• _DATA EXCERPTS_
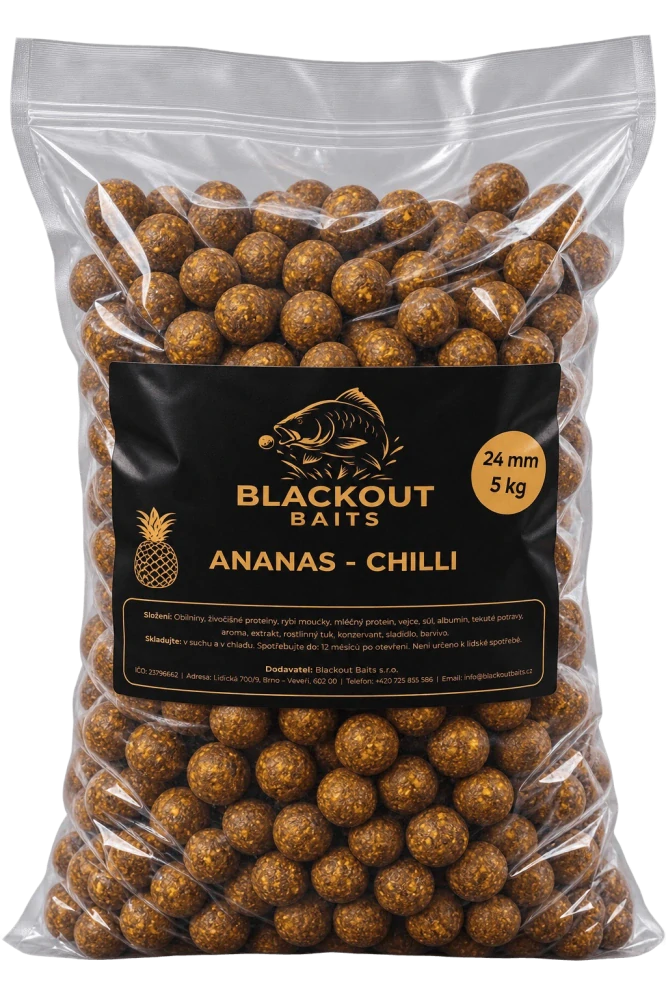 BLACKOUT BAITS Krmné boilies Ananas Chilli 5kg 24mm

---

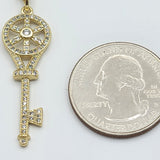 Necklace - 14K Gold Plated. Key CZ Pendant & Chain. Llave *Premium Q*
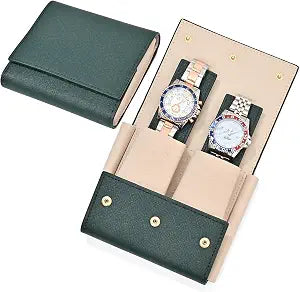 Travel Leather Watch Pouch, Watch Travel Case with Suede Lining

• _TASK PROMPT_
Everything from the line with "Necklace - 14K" down to the line with "Travel Leather Watch" in the data above should be copied exactly, with both end lines kept and the pictures left out.

• _RESPONSE AREA_
 Necklace - 14K Gold Plated. Key CZ Pendant & Chain. Llave *Premium Q*
 Travel Leather Watch Pouch, Watch Travel Case with Suede Lining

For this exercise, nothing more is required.